What does the future hold for LSD and its pharmaceutical cousins? Is the world rediscovering this wondrous molecule with celebrations of its birth fifty years later?
In the realms of psychedelic research and experience, Albert feels that "the scientific view of life contains truth, but it only represents half of reality, only its material, quantifiable parts. All of the personal, social, and spiritual dimensions that cannot be described in physical or chemical terms, which include the most important characteristics of that which is living, are absent." The future understanding of psychedelic compounds rests on augmenting rational knowledge with emotional experience.
After years of struggle with regulatory authorities and public misconceptions, scientific researchers and health professionals are beginning to rturn to these valuable drugs. Revitalization of psychedelic research for therapeutic utility is occurring around the world (as reported in these pages).
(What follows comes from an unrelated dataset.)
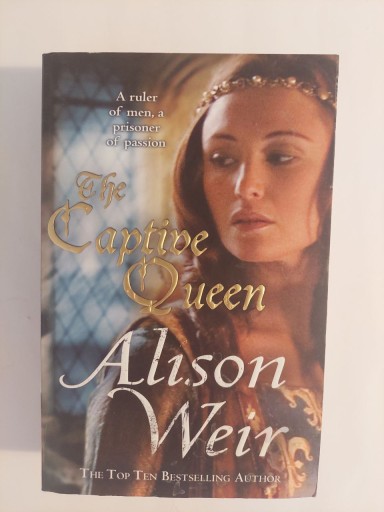 The Captive Queen Weir Alison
It is exciting to see and hear of the use of LSD, psilocybin and other compounds in therapies for cancer patients and in research on human brain mechanisms and psychic activity.
New clinical trials are being initiated in a number of countries. A group of Swiss psychiatrists formed the Swiss Medical Society for Psycholtic Therapy in 1985, and they have been granted permission by their government ot use psychedelics in psychotherapy. The U.S. Food and Drug Administration’s Drug Abuse Advisory Committee recommended, in July 1992, that medical research on psychedelics be expanded, that new therapeutic applications be considered, following recent approval of protocols for new clinical testing.
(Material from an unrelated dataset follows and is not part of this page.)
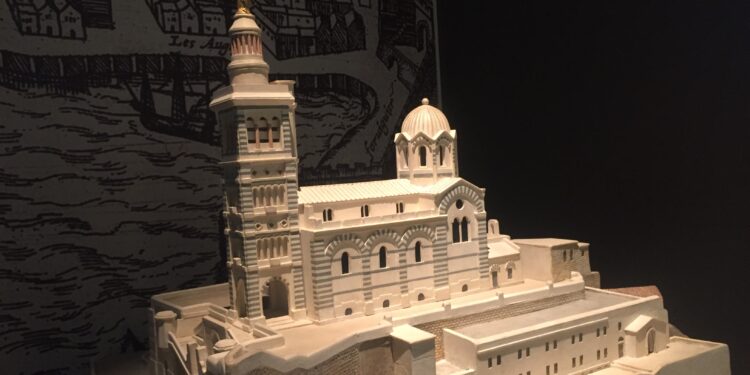 Le musée de Notre-Dame de la Garde rouvre ses portes avec deux expositions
A grand celebration will take place in Lugano-Agno, Switzerland on October 21-22, 1993, when the Swiss Academy of Medical Sciences will hold an international symposium to commemorate the 50th anniversay of Albert’s discovery. They have invited 15 presenters and 70 participants to discuss "50 Years of LSD: State of the Art and Perspectives on Hallucinogens." These are very positive signs of new, exciting inquiries into a class of drugs that almost were forgotten.
The time certainly has come for a full appreciation of the beneficial uses that LSD has to offer. With renewed interest, it becomes necessary to understand better this chemical substance, its origins, effects, and dangers to guard against misuse and to allow for therapeutic and spiritual applications that are compatible with its uniquely characteristic actions. Let the 50th anniversary of the discovery of LSD realize and celebrate Albert Hofmann’s dream that "if people would learn to use LSD’s vision-inducing capability more wisely, under suitable conditions, in medical practice and in conjunction with meditation, then this problem child could become a wonder child."